(82) CT Dosimetry for Radiopaque Y90 Microspheres - Impact of Image Noise On Dose Accuracy
Saturday, October 18, 2025
6:00 PM - 7:30 PM East Coast USA Time
Courtney Henry, PhD – Medical Physicist, Medical Physics, Dalhousie University; Cheenu Kappadath, PhD – Medical Physicist, MD Anderson; Andrew Kennedy, MD, FACRO – Physician-in-Chief, Radiation Oncology, Sarah Cannon Research Institute
Purpose: Radiopaque glass microspheres for liver radioembolization can be directly visualized on CT imaging. This may provide a novel method of absorbed dose calculation. This study investigates the impact of CT image noise on the dose calculation accuracy of radiopaque Y90 glass microspheres in a phantom model.

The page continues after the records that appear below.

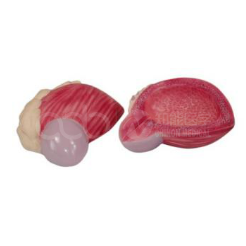 Enlarged bladder model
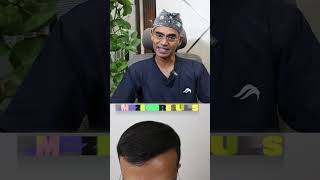 Class 3 Baldness Transformation | Natural Hair Transplant Results Explained by Dr  Sreedhar Reddy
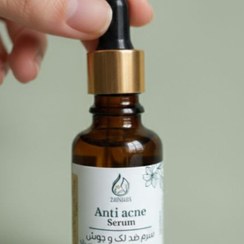 تصویر سرم ضد لک و جوش 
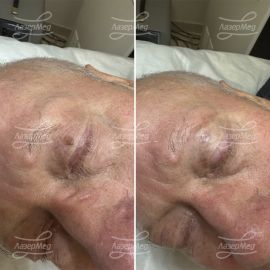 Удаление папилломы (До и сразу После)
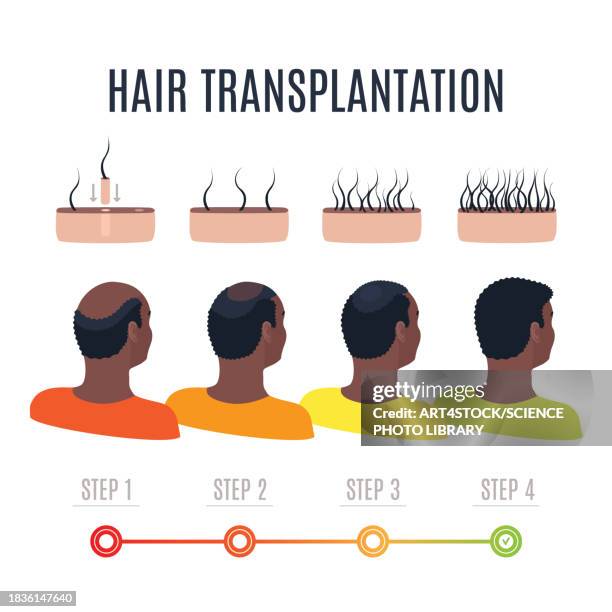 hair transplantation, conceptual illustration - personal hygiene product stock illustrations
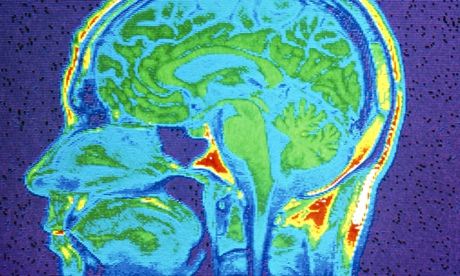 MRI scan of the brain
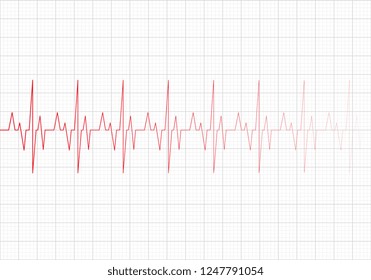 Electrocardiogram Show Premature Ventricular Contraction Pvc Stock ...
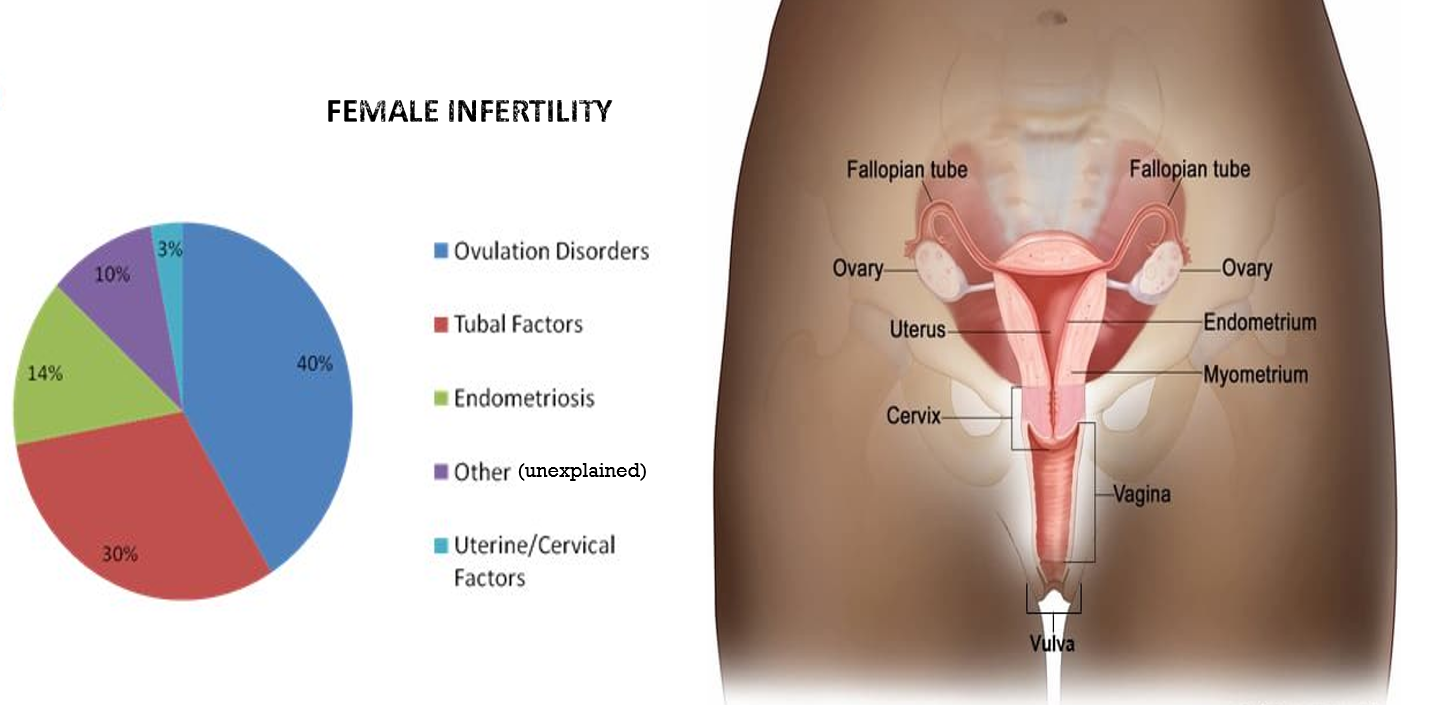 causes of female infertility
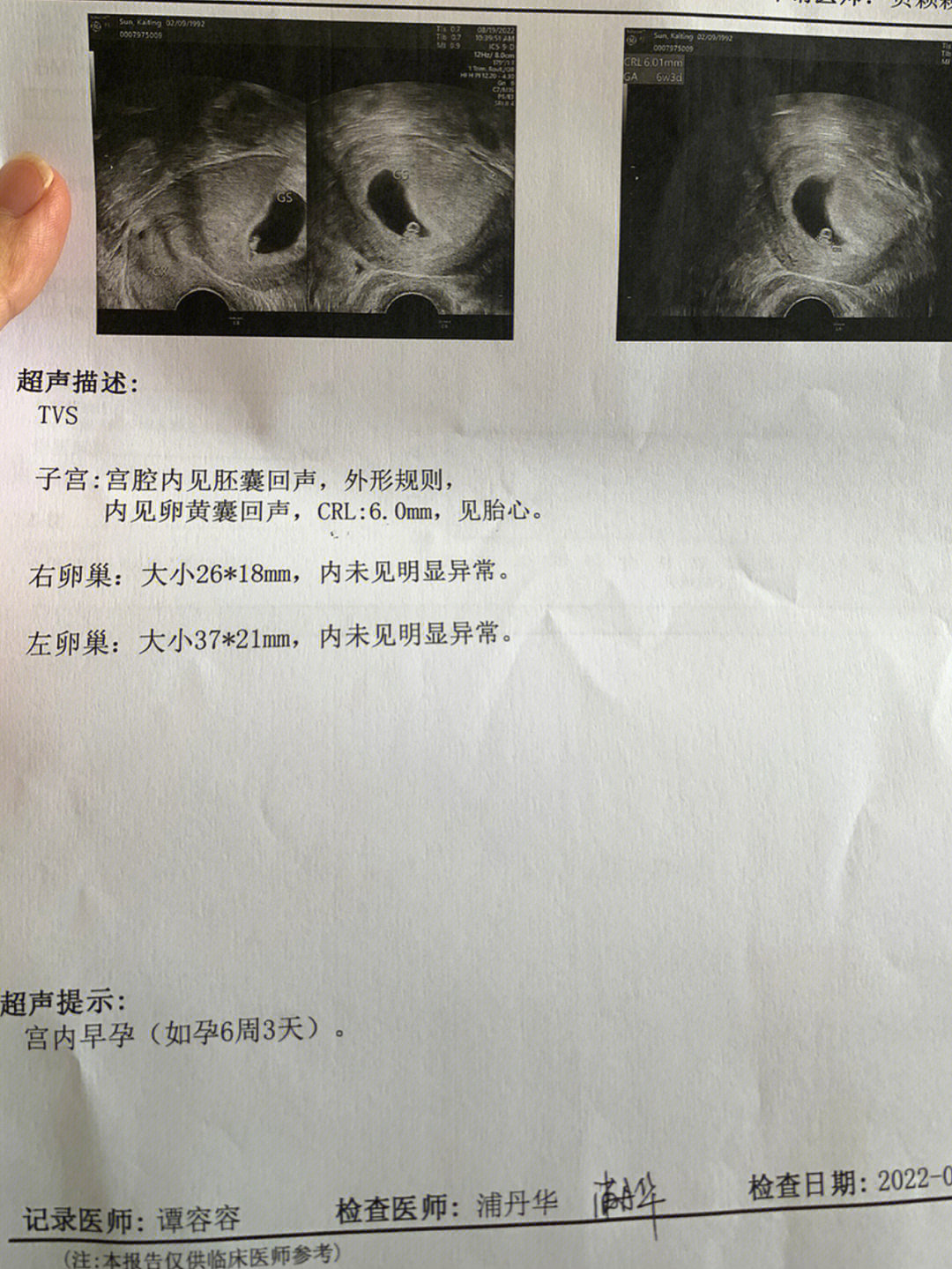 胎心胎芽几周能查出来图片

Material and Methods: A calibration phantom was constructed with 7 tissue-mimicking resin posts containing radiopaque glass microspheres (1 mg/ml – 25 mg/ml). CT images of the phantom were acquired to generate calibration curves to relate a change in HU to a change in glass concentration. Synthetic CT images in the same geometry as the phantom were created in Matlab with variable amounts of noise (standard deviations ranging from 0 – 50 HU). Mean HU values in the post regions were matched to the values from the scans of the real phantom. Additional images of the phantom were created with identical noise levels but no posts. These images were subtracted from synthetic CT images to produce net HU enhancement levels. A thresholding approach was used to reject noise that could lead to false positive activity assignment. Inclusion thresholds of 1.65 and 3.29 times the standard deviation of the noise were studied. Voxels with net HU values in excess of these thresholds were assigned activity levels based on the calibration curves. Doses were calculated using a Y90 convolution kernel. These results were compared to Monte Carlo (MC) simulations performed with the TOPAS platform which were taken as the “ground truth”. Calculated doses were expressed as a fraction of MC simulated doses.

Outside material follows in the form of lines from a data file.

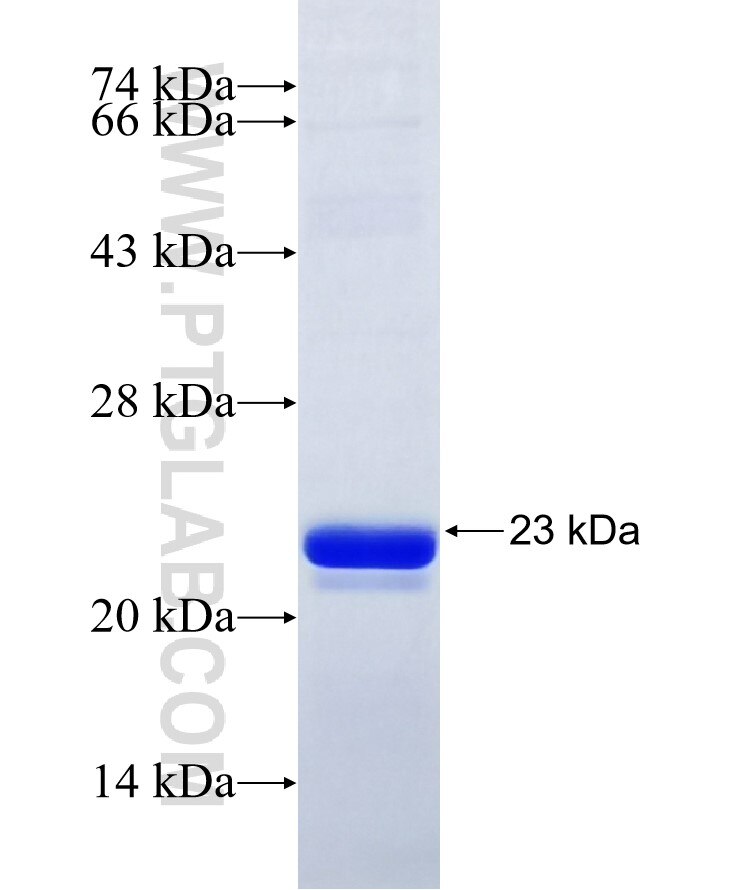 CYP19A1 fusion protein Ag9896 SDS-PAGE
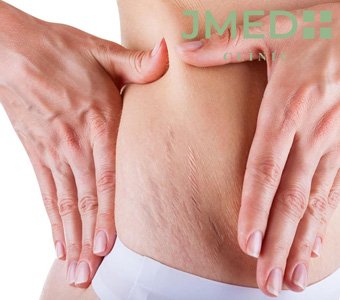 Plastic Surgery vs. Body Treatments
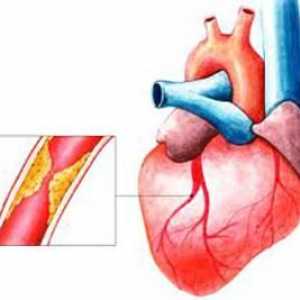 Srčani udar - jedan od najčešćih ljudskih bolesti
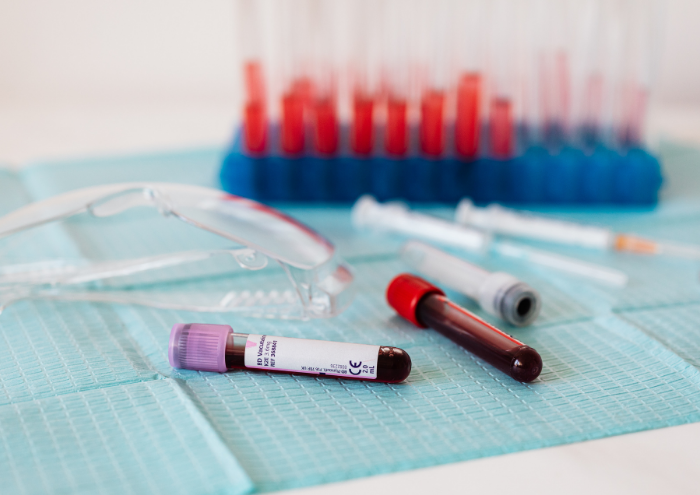 Two samples of blood in tests tubes laid down next to safety goggles in a laboratory with more test tubes in the background.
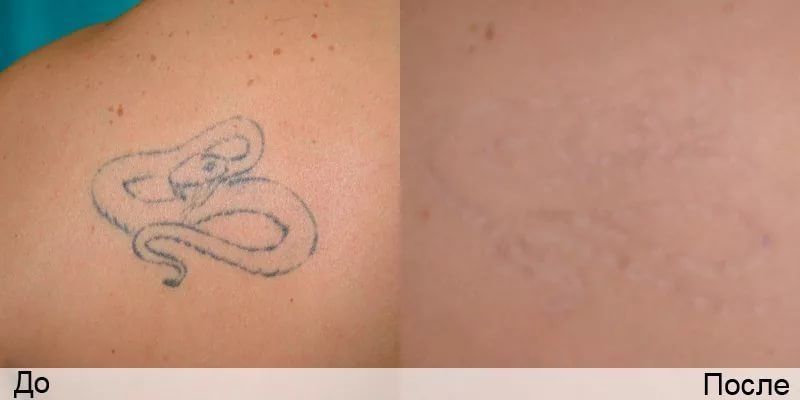 Лазерное удаление тату, татуировок, наколок и татуажа бровей недорого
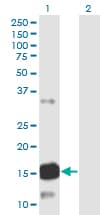 Monoclonal Mouse anti-Human ATXN7L1 Antibody (clone 1H2, WB)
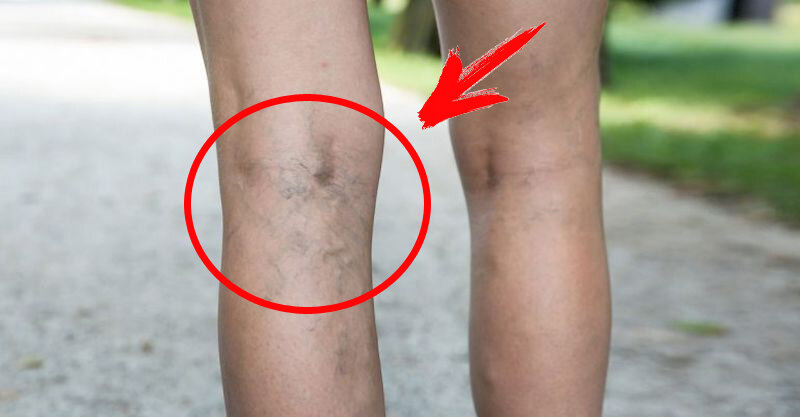 варикоз, лечение варикоза, признаки, симптомы, варикозные расширение вен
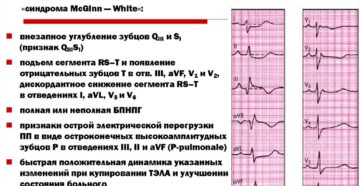 Зачем направляют на ЭКГ после рентгена грудного отдела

Results: Image noise led to underestimates of doses. The magnitude of the underestimation increased with noise level. Higher microsphere concentrations were less sensitive to this effect. For example, with a concentration of 3 mg/ml, the calculated doses were within 10% of the MC simulated doses for noise levels up to 10 HU when the lower inclusion threshold was applied but were 60% lower than the MC simulated doses when the higher inclusion threshold was applied. At a concentration of 10 mg/ml, calculated doses were within 5% of MC simulated doses for both inclusion thresholds. Additional work is required to understand the impact of glass concentration heterogeneity within a region.
Conclusions: The current work helps illustrate the importance of optimizing CT imaging protocols to minimize the impact of image noise on CT-based dose calculations.